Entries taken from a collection
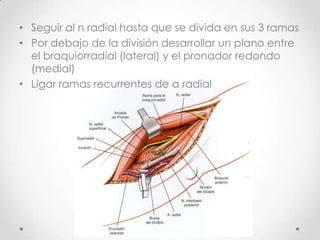 • Seguir al n radial hasta que se divida en sus 3 ramas
• Por debajo de la división desarrollar un plano entre
  el braquiorradial (lateral) y el pronador redondo
  (medial)
• Ligar ramas recurrentes de a radial
 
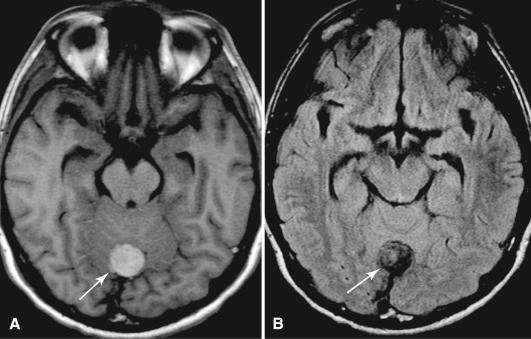 Fig. 19.2, Magnetic resonance imaging (MRI) of a leptomeningeal melanocytoma arising in the occipital lobe. The mass is extra-axial, well circumscribed, hyperintense on T1-weighted images (A) and hypointense on fluid-attenuated inversion recovery (FLAIR; and T2-weighted) images (B) consistent with a melanocytoma.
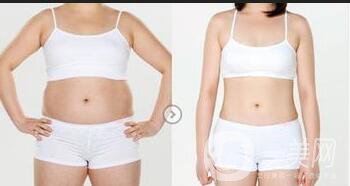 水動力吸脂方法,水動力吸脂*果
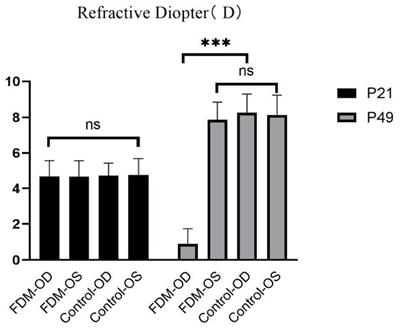 Effect of shape deprivation on retinal thickness in myopic mice using an OCT method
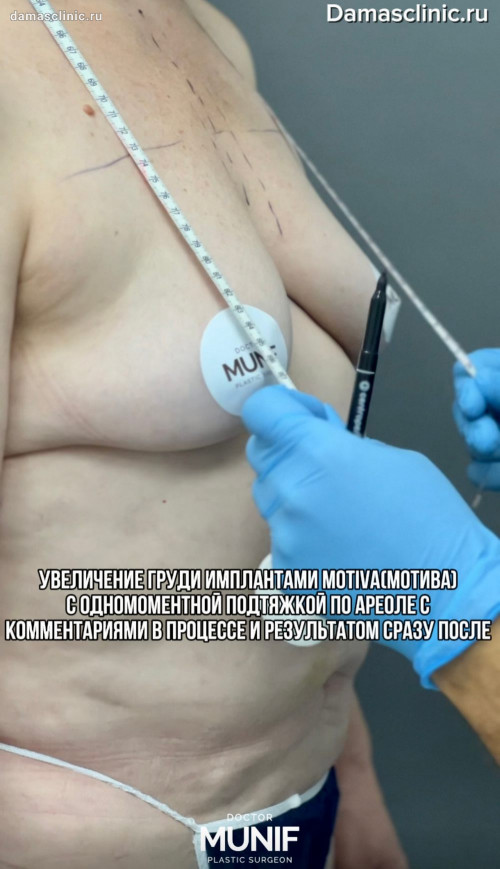 Увеличение груди имплантами MOTIVA (МОТИВА) с одномоментной подтяжкой по ареоле: комментарии в процессе и результат сразу после в видео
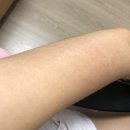 뷰티포톤피아 부천 상동 팔 알라딘필링 후기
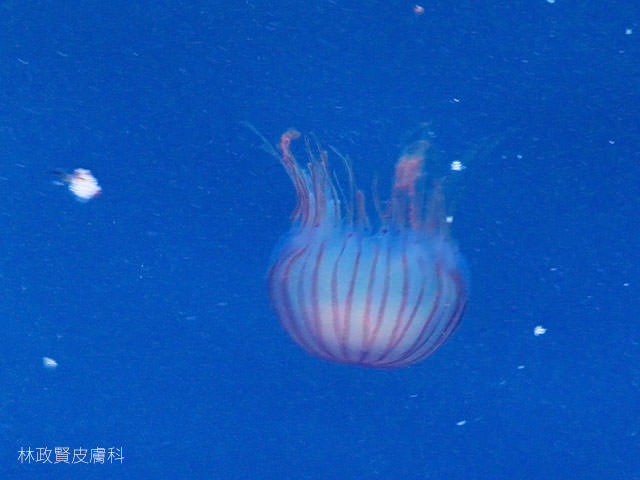 水母皮膚炎，jellyfish dermatitis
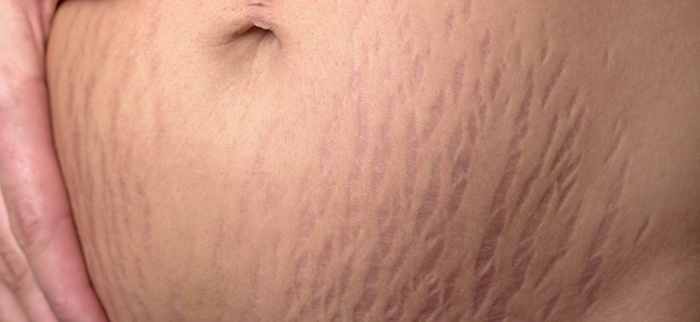 Mommy makeover - stretch marks.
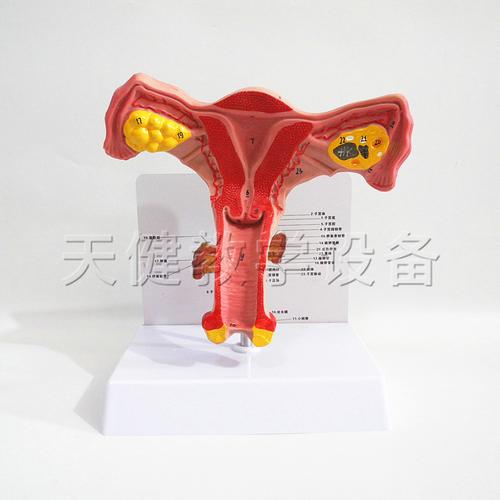 双侧卵巢解剖子宫模型正常子宫模型生殖教学模型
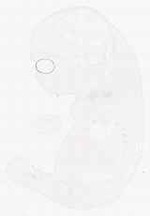 EMAGE:11926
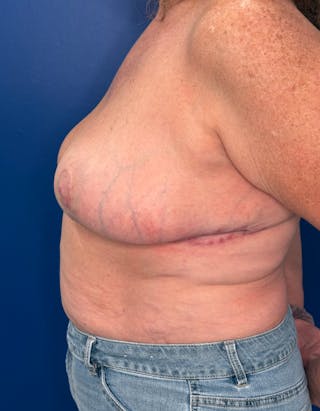 Breast Lift Before & After Gallery - Patient 106700 - Image 4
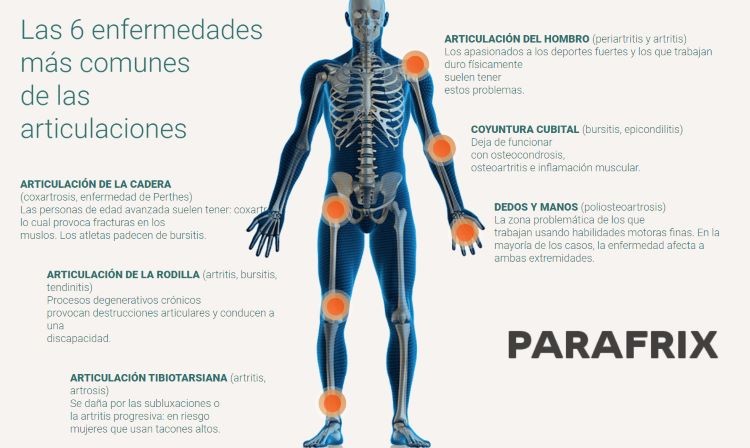 como-funciona-parafrix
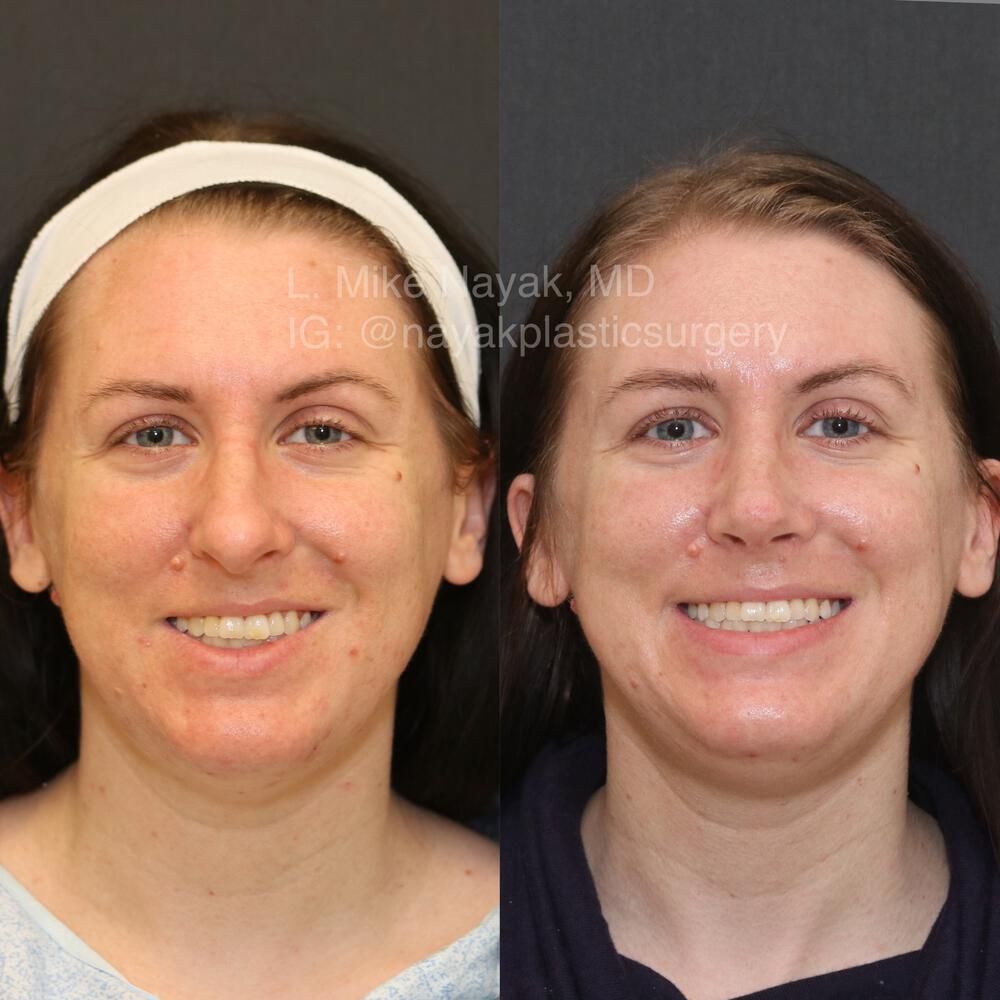 Rhinoplasty Before & After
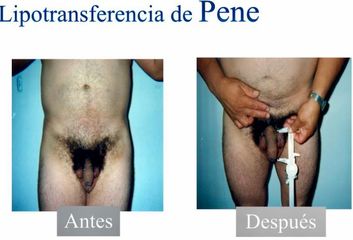 Alargamiento de pene - Dr. Jesús Omar Carreón Terrones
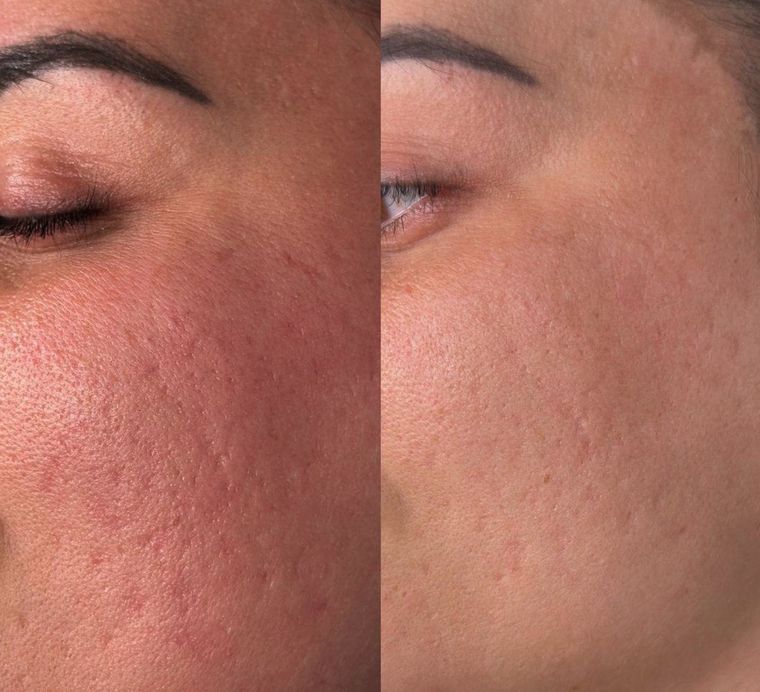 Diffuse redness across the cheek, before and after at Skin&Co Mississauga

# What you need to do
Look above for the line containing "Alargamiento de pene", then retype it and each line after it to the end of the records, exactly and without pictures.

# Result of the exercise
 Alargamiento de pene - Dr. Jesús Omar Carreón Terrones
 Diffuse redness across the cheek, before and after at Skin&Co Mississauga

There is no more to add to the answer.